Сам Фрол был из прошлого века, в том смысле, что пас ещё при царе Горохе. Так про себя и докладывал.
— А при Гвидоне не пас? — поинтересовался Гвидон. — Тоже царь был, между прочим.
— При Гвидоне? — задумался старик. — Не, такого не упомню. Я Ленина хорошо помню. Мы с им, почитай, в один годок родились, ну близко совсем. При ём я пас. При том ишшо царе, при Ляксандре Втором, и при Третьим Самодержци, какой церквов пооткрывал немерено, при ём ишшо храм Спасителя освятили — тожа пас. При энтом вишь — тожа… Тольки уж не знаю, при каком… Как Сталин помёр, так и не уразумею покуда, хто нынче главнай. Радива-то у мене ни таво… Нету.
Попутно забирал хендехоховских коров и гнал общее стадо на выпас. К вечерней дойке пригонял назад, разводил скотину по домам. Кормили Фрола сами деревенские, в живую очередь, зависимо от количества хозяйских коров в стаде. Параше, с её одной животиной, обязанность выпадала раза два на лето. Жижинскими и хендехоховскими заведено было славно накормить и крепко поднести Фролу, чтобы пас на совесть. Очередной такой раз выпадал на субботу, когда вместо крыши уже должна была вовсю сиять непокрытая дыра в небо.

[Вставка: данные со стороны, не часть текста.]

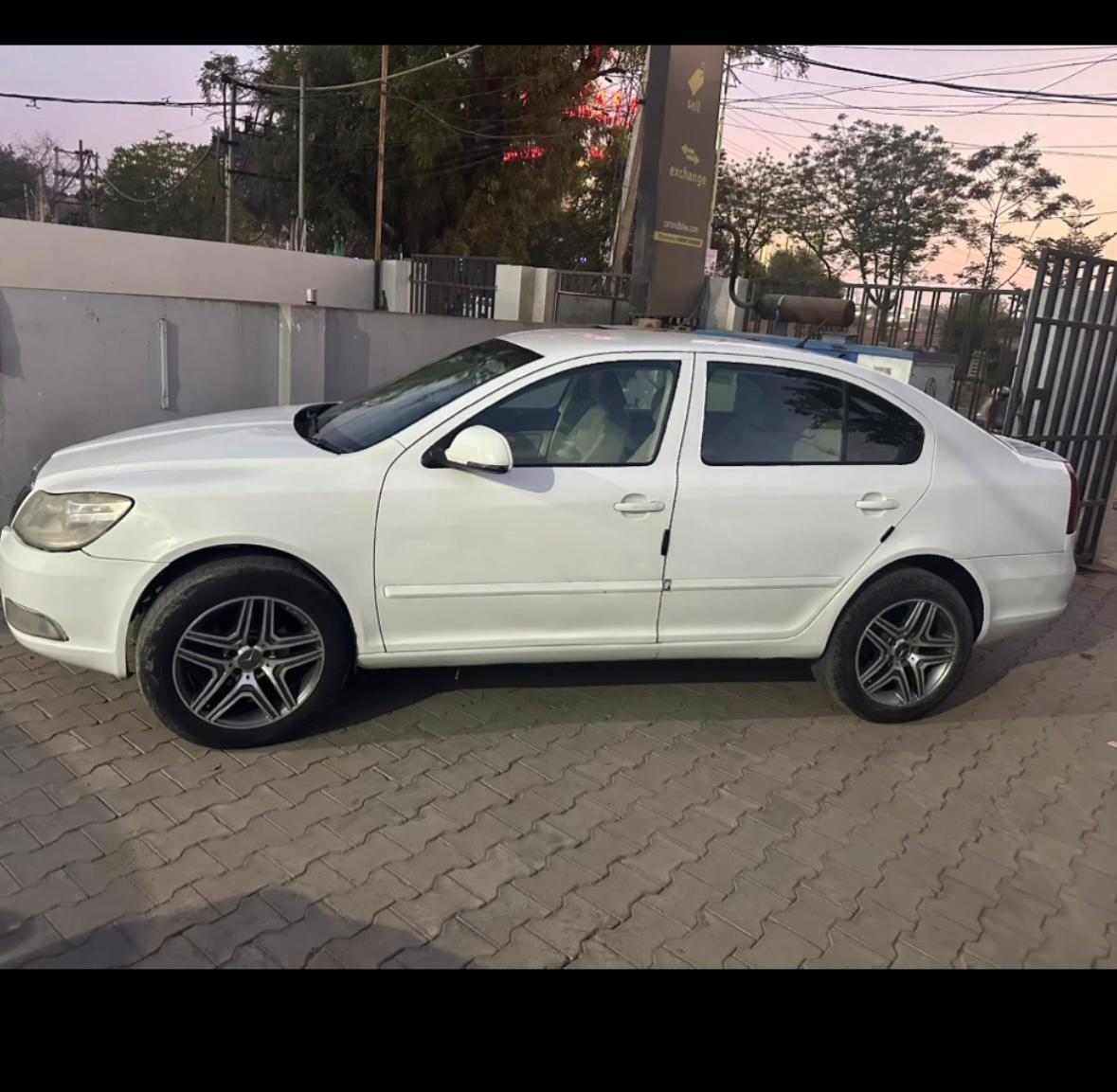 2011 स्कोडा लौरा 1.9 Elegance Diesel MT 2011 स्कोडा लौरा 1.9 Elegance Diesel MT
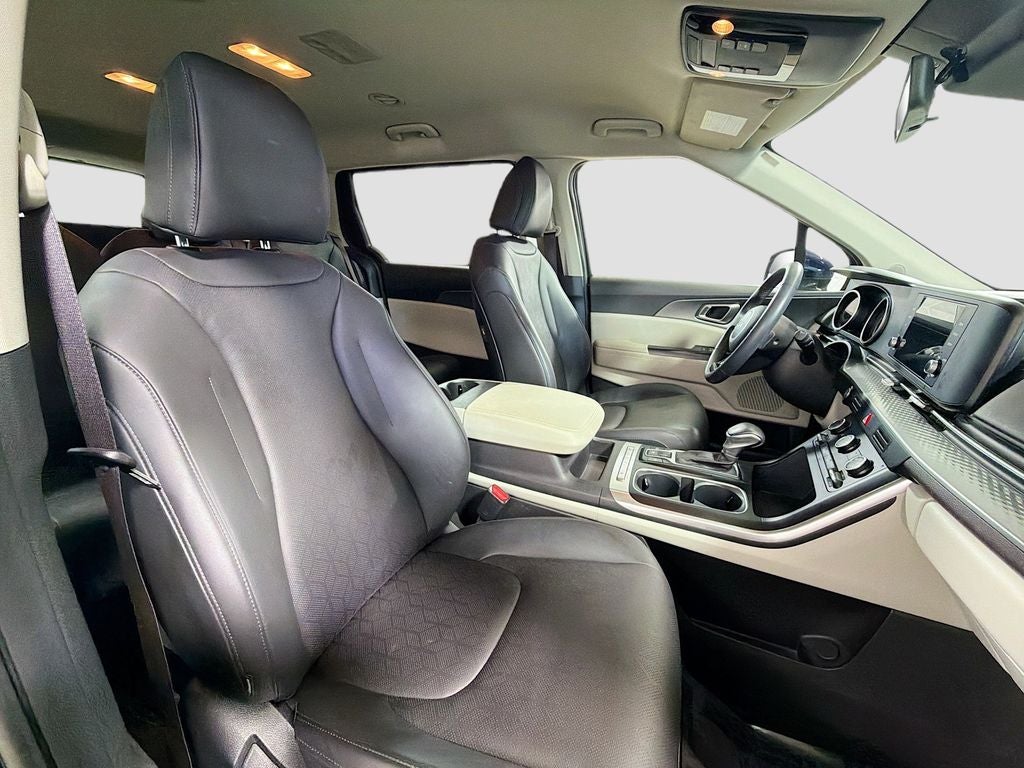 2023 Kia Carnival LX Seat Package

— Как жишь с Фролкай-та будить, — заметалась Параша перед отправкой в город, — коль мене нету тута? Хто яво покормить-та да нальёть?
Шварц успокаивал:
— Не переживай, Паранечка, милая моя. Всё будет в полном ажуре. Накормим досыта Фрола твоего и нальём, как положено. В обиде не останется, вот увидишь.
— А с курями как? — не унималась несчастная Прасковья. — Хто им картох натолкёть? Хто корок нарежеть? Хто яички соберёть?
Выручил Гвидон:
— Баба Параш, неужели ты думаешь, мы своими руками скотину на погибель отдадим? И жен своих без парного молока и яиц свежих оставим? Ну, сама посуди, нам это надо? Они же нас со свету после этого сживут, сердешные!
По своей убедительности последний аргумент оказался решающим, Прасковья успокоилась и угомонилась. Ещё за месяц до начала работ Юлику пришла в голову удивительная мысль: поселить бабку Прасковью на эти три неудобные для жизни недели в свою квартиру, на Серпуховку, к матери, Мире Борисовне. Ужасно хотелось знать, что из всего этого получится. А заодно решился бы и вопрос, где передержать мать-настоятельницу будущего дома до момента готовности крыши над срубом. Сами же они решили не мотаться в Москву-обратно, а прожить этот кусок вместе с мужиками, во времянке на дворе.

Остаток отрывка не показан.